Michel Gherman, da UFRJ, segue na mesma linha. Para ele, os encontros são fundamentais.

"A única possibilidade que temos é construindo encontros. As escolas, as feiras livres, os bairros, as praças públicas têm que passar a ser efetivamente lugares de encontro. Acho que a única possibilidade de a gente evitar uma ameaça civilizatória é investindo no encontro, com o diferente e com a diferença", opinou.

LIDERANÇAS

Cientista político da USP, José Álvaro Moisés sugere novos comportamentos sob dois aspectos: individual e geral.

"Do ponto de vista individual, supõe-se humildade e capacidade de perceber que eu não sei tudo e tenho que estar aberto a contemplar a opinião dos outros. Se acha que não tem nada a contribuir, fecha-se como uma ilha. Do ponto de vista geral, é preciso que lideranças, autoridades que dirigem o governo e o Estado brasileiro, afirmem publicamente a diversidade das opiniões", frisou.

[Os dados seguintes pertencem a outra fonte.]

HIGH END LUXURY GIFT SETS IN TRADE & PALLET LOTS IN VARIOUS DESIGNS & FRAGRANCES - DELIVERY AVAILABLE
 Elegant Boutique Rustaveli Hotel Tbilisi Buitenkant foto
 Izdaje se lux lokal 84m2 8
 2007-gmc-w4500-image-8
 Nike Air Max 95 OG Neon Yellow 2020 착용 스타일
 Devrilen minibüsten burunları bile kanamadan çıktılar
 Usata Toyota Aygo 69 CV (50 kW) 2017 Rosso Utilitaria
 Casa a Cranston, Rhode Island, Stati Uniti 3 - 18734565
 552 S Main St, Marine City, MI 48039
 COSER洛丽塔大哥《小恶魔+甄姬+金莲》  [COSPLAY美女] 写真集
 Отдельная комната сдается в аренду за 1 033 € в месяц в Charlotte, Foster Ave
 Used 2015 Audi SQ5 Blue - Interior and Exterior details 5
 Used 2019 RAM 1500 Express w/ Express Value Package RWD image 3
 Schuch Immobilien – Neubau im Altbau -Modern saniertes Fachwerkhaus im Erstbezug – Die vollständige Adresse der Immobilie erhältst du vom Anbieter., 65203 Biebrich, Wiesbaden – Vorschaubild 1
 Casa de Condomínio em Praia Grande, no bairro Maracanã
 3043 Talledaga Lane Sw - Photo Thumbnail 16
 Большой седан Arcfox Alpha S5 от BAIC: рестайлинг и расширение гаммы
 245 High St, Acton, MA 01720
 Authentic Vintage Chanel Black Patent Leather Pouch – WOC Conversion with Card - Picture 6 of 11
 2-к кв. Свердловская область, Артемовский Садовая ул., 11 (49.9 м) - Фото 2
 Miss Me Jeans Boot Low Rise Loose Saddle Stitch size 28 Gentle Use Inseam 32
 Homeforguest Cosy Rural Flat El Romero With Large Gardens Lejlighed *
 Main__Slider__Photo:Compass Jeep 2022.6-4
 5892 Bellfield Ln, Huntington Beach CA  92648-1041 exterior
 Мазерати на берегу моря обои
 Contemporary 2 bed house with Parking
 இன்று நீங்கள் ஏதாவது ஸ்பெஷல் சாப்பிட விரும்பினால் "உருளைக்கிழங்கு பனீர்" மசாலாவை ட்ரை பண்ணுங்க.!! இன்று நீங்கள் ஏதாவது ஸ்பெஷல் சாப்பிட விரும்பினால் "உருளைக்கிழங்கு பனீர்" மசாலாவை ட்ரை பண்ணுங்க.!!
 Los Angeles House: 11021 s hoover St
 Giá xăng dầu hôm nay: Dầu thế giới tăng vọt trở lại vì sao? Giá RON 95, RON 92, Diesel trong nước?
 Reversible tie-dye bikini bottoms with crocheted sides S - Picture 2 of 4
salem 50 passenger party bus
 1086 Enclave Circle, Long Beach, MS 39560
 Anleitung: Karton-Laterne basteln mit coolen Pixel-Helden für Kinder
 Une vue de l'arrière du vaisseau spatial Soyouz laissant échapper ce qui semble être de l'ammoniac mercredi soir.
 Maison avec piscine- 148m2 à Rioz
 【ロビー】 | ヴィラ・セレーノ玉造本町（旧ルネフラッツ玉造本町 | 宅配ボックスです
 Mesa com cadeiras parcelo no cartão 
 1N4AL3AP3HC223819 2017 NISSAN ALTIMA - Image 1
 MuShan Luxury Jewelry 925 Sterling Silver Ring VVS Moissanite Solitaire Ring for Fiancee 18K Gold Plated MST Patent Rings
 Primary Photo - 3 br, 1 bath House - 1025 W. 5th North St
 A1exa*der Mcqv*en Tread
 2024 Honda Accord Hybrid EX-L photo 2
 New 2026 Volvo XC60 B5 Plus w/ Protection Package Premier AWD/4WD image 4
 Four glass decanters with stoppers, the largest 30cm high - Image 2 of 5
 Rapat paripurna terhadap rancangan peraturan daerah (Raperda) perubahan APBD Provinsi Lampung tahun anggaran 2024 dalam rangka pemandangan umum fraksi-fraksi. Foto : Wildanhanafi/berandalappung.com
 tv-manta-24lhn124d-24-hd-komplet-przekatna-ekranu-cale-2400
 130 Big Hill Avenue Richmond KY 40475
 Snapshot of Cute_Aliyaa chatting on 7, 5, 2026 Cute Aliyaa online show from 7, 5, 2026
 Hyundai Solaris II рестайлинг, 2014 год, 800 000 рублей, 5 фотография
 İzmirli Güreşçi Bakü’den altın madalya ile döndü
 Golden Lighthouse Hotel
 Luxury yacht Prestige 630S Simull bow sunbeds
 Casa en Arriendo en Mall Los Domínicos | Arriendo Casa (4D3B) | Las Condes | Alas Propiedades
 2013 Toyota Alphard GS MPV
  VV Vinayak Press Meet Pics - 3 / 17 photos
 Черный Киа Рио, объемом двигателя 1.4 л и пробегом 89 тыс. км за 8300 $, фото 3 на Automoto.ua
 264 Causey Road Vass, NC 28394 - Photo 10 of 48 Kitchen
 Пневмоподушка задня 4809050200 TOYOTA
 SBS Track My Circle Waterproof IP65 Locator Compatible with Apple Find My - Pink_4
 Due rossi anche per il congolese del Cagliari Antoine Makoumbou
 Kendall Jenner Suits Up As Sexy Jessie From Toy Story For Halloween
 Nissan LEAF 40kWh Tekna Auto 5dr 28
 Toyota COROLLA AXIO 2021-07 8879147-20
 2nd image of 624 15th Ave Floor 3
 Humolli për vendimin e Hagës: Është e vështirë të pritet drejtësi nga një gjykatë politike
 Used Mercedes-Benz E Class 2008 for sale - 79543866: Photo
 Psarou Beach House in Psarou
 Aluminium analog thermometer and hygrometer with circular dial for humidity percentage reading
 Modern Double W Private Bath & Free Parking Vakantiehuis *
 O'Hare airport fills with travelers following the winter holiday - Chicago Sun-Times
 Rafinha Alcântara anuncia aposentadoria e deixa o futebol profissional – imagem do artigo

Felipe Tessarolo, professor de Mídias Sociais e Novas Tecnologias da Faesa, ressalta a importância de que as discordâncias ocorram dentro de padrões de civilidade.

"É tentar não excluir quem pensa diferente, mas que de alguma forma mantém civilidade no debate. Eu acabo excluindo algumas pessoas, não porque elas pensam diferente. Mas porque não conseguem debater sem agredir ou ofender aqueles que pensam o contrário. O caminho é procurar o diálogo. Não é fácil, mas o caminho é manter a civilidade e uma discussão saudável, até para entender o outro lado e saber mais sobre outros pontos de vista", destacou.

 OS RELATOS

"Bloqueei pelo bem da minha saúde mental"

Rogi Cezarino Universitário, 31 anos

Rogi Cesarino, estudante universitário, bloqueou redes sociais após eleição do ano passado . (Ricardo Medeiros)

"Deletei pessoas que eu amava, amigos que saíamos para beber juntos. Houve uma separação por causa da eleição. A gente nunca havia tido problemas com relação a nada. Mas nas eleições viraram aquelas pessoas que estavam certas e pronto, acabou. Bloqueei porque não dava para ler as mensagens. Tem gente que não dava para conversar. São pessoas que não entendem o que é um debate. Fiz pelo bem da minha saúde mental. Não acreditava que Bolsonaro ou Haddad seriam bons para o Brasil. Não existe tomar um remédio e curar. A política é obra humana, tem que ser maleável. Nós tivemos oportunidade de entrar numa universidade, e era amigo que precisou do Fies. A gente teve um privilégio. Somos responsáveis por debater, melhorar o país. Eram coisas do tipo: 'Foi um crime o que fizeram com Bolsonaro, mas com Marielle Franco (vereadora do PSOL do Rio assassinada. Segundo as investigações por miliciano)... Não sabia nem quem era'. Olha o nível da pessoa. Foi ruim Bolsonaro ser atacado, mas foi pior a Marielle ter morrido. O Facebook está contaminado. As pessoas não querem debater. Querem ter razão. Vão despejar ódio. Algumas pessoas eu considerava muito, mas não estavam abertas. Aí você vê que não faz sentido e não quer mais se envolver nesse assunto. Decidi que política só ia debater pessoalmente, numa roda de debate, com mediador. Na rede social a pessoa não está ali para debater."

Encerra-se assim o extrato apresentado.